+++ Listed records

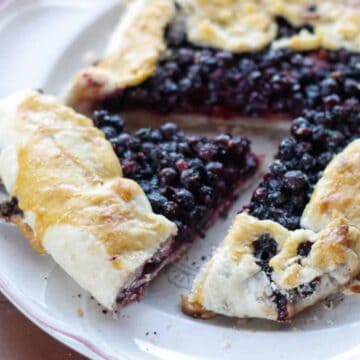 A rustic blueberry galette on a white plate is partially sliced, revealing a flaky, golden-brown crust with a filling of cooked blueberries. Perfect for potluck ideas, this delightful dish sits on a wooden surface.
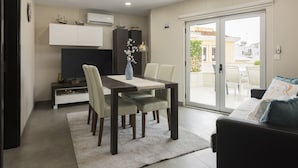A modern dining area with a table, chairs, and a vase of flowers. There is a sofa and a sliding glass door leading to an outdoor patio. - Marina Luxor - Vilamoura (Vilamoura)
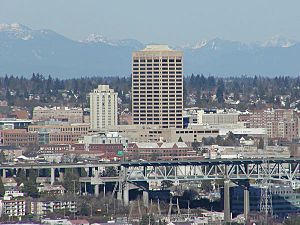 The U-District, looking northeast from Queen Anne. UW Tower is the tall building in the center, with the Hotel Deca (originally the Meany Hotel) to its left. The I-5 Ship Canal Bridge is in the foreground.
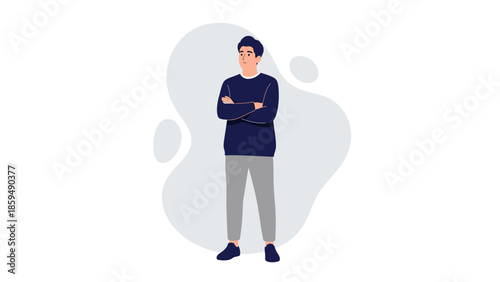 Contemplative young man standing confidently with arms crossed in casual attire against abstract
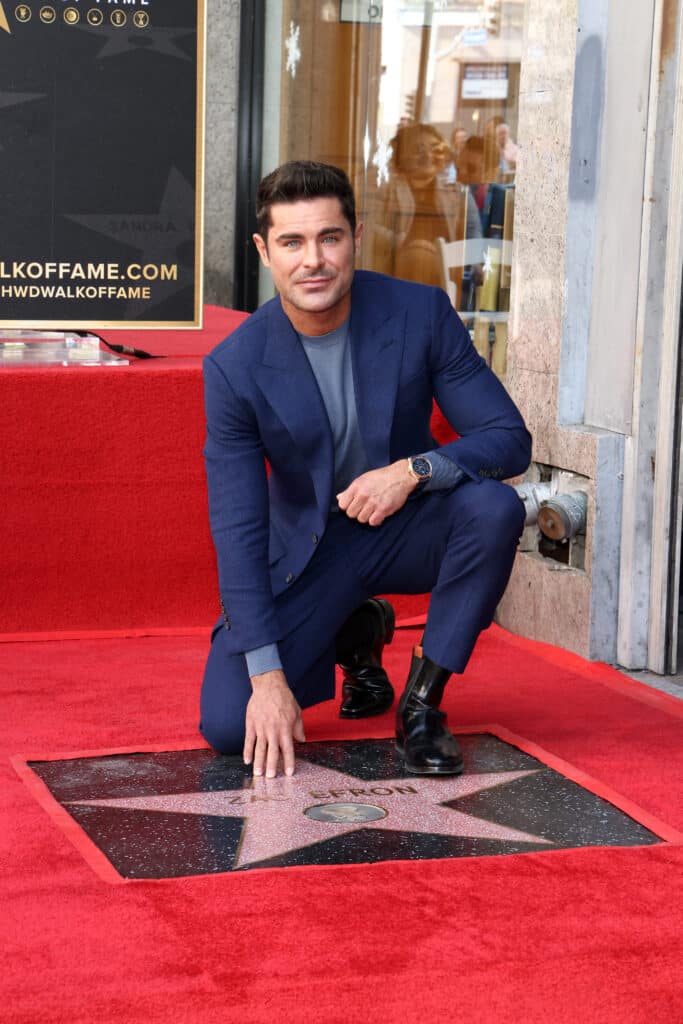 US actor Zac Efron poses by his newly unveiled star during his Hollywood Walk of Fame ceremony in Hollywood, California, December 11, 2023.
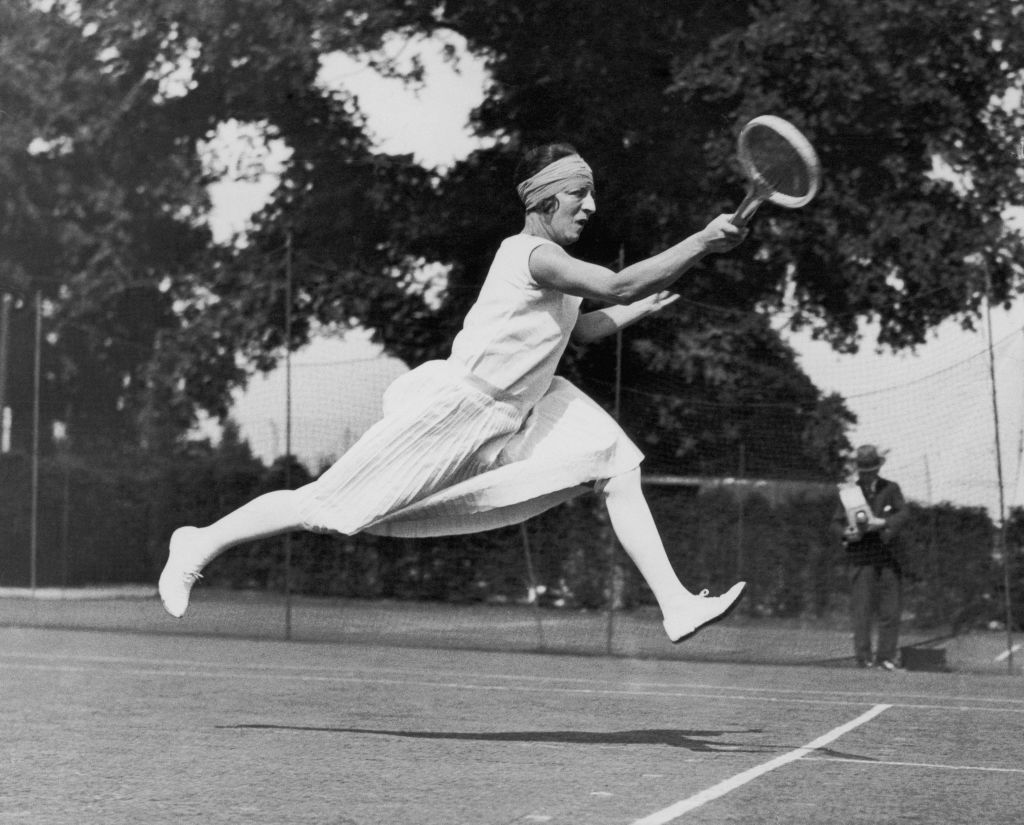 French tennis player Suzanne Lenglen (1899 - 1938) competing at Wimbledon, 1926. (Photo by Central Press/Hulton Archive/Getty Images)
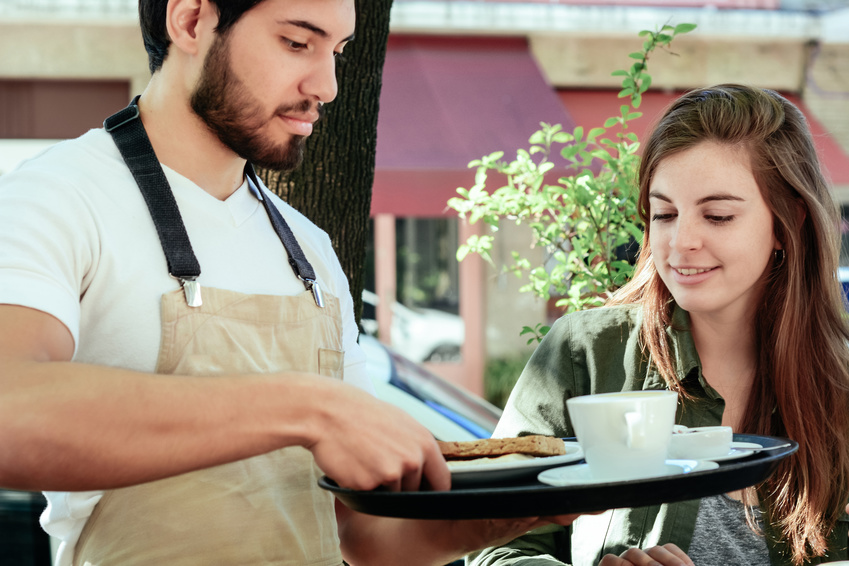 Young waiter serving coffee to female customer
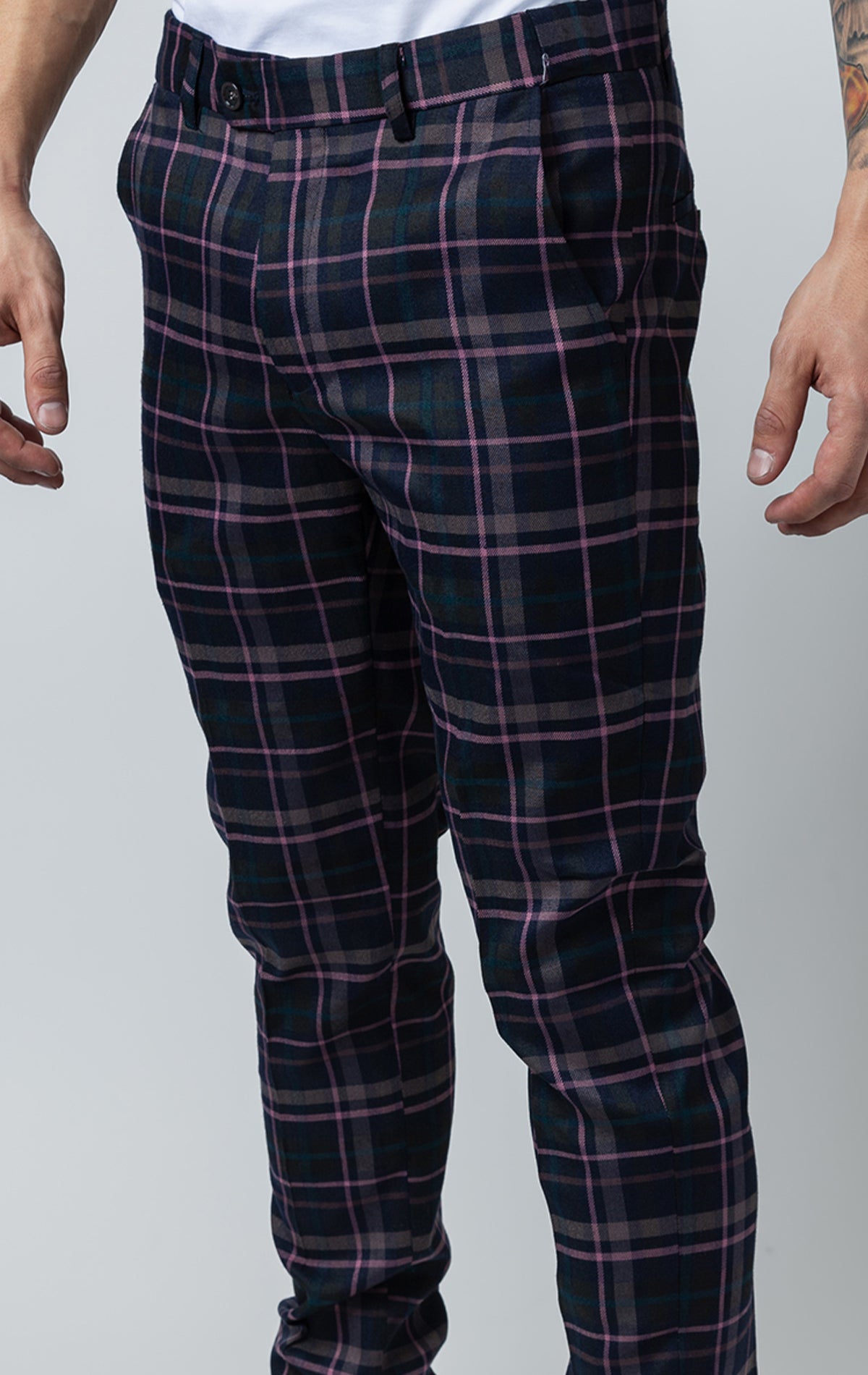 Men's purple chino pants with a checkered plaid design. The pants feature an elastic waistband for comfort and stretch, and are made from a lightweight cotton-spandex blend fabric. Inseam is 32 inches.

++++++

• **What you will do**: Leave the images aside and retype each line of the listing above exactly.

• **Solution to this problem**:
 A rustic blueberry galette on a white plate is partially sliced, revealing a flaky, golden-brown crust with a filling of cooked blueberries. Perfect for potluck ideas, this delightful dish sits on a wooden surface.
A modern dining area with a table, chairs, and a vase of flowers. There is a sofa and a sliding glass door leading to an outdoor patio. - Marina Luxor - Vilamoura (Vilamoura)
 The U-District, looking northeast from Queen Anne. UW Tower is the tall building in the center, with the Hotel Deca (originally the Meany Hotel) to its left. The I-5 Ship Canal Bridge is in the foreground.
 Contemplative young man standing confidently with arms crossed in casual attire against abstract
 US actor Zac Efron poses by his newly unveiled star during his Hollywood Walk of Fame ceremony in Hollywood, California, December 11, 2023.
 French tennis player Suzanne Lenglen (1899 - 1938) competing at Wimbledon, 1926. (Photo by Central Press/Hulton Archive/Getty Images)
 Young waiter serving coffee to female customer
 Men's purple chino pants with a checkered plaid design. The pants feature an elastic waistband for comfort and stretch, and are made from a lightweight cotton-spandex blend fabric. Inseam is 32 inches.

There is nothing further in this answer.